Taking the line with "this 1270×952 image." as the first, copy every line through the end of the records below exactly. Do not include pictures.

[Opening Material for this task section]

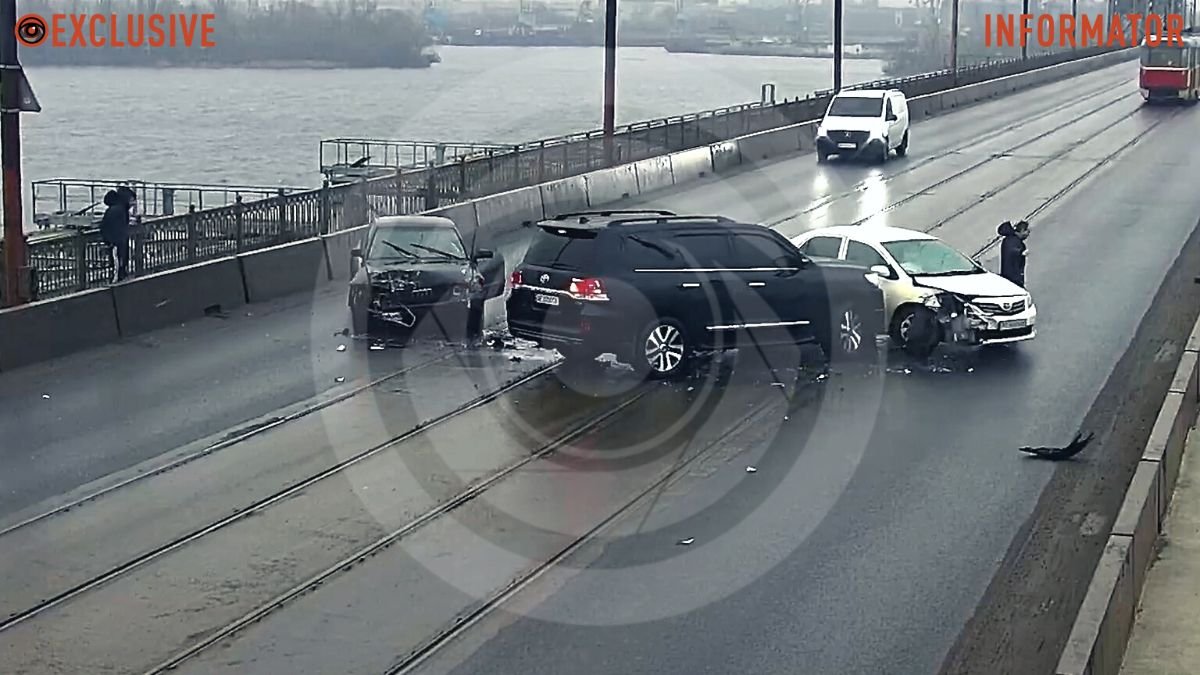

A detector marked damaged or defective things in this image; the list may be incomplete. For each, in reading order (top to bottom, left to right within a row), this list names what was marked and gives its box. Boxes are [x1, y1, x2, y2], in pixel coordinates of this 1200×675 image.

damaged black car [348, 214, 506, 338]
damaged front bumper [921, 293, 1036, 345]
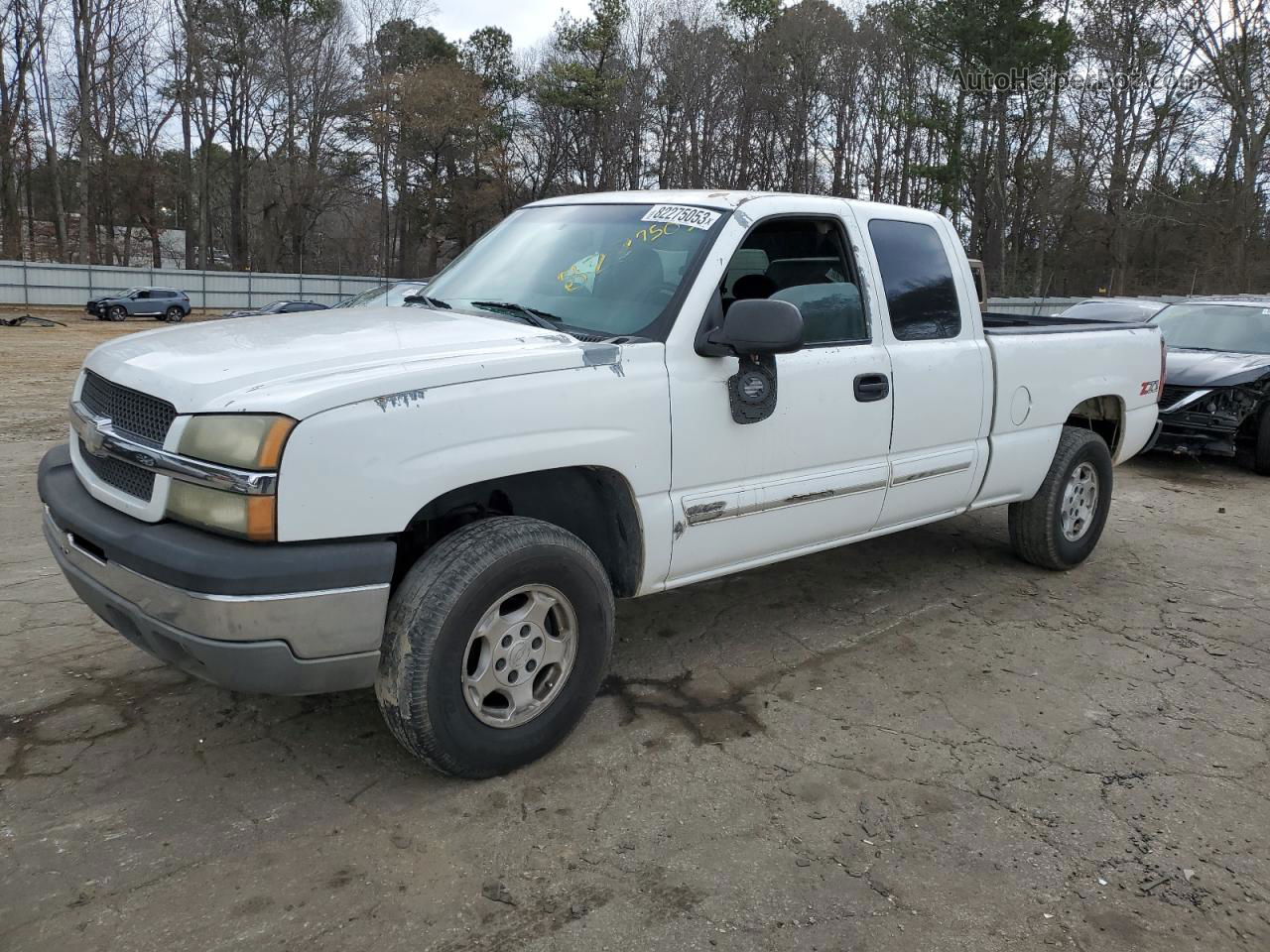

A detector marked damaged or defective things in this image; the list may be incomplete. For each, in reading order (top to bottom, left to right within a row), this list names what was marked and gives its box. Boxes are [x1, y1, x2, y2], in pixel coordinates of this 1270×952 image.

cracked windshield [421, 202, 722, 337]
damaged vehicle [1151, 294, 1270, 472]
damaged vehicle [35, 189, 1159, 777]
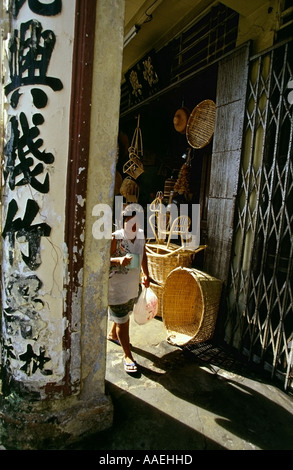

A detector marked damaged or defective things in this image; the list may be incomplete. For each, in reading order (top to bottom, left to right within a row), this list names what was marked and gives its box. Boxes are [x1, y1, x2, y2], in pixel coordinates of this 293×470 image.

peeling plaster wall [1, 0, 75, 390]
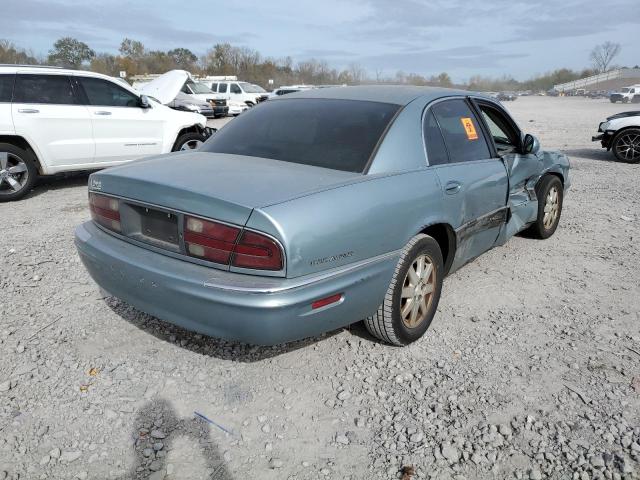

[Closing Material for this task section]

**Answer for this exercise**
A detector marked damaged or defective things in this image; the list may be incomplete. For each, in reading order (top to bottom, left to right within a row), this list names what was marked and gives its box. Boxes are [x1, y1, x2, y2], in pixel coordinates of this 1270×952 image.

cracked windshield [421, 202, 722, 337]
damaged vehicle [1151, 294, 1270, 472]
damaged vehicle [35, 189, 1159, 777]

A detector marked damaged or defective things in this image; the list may be incomplete. For each, in reading order (top to bottom, left to right within a row), this list names what was marked and gives its box. Boxes are [x1, y1, x2, y2], in pixel coordinates of this 293×470 image.

peeling plaster wall [1, 0, 75, 390]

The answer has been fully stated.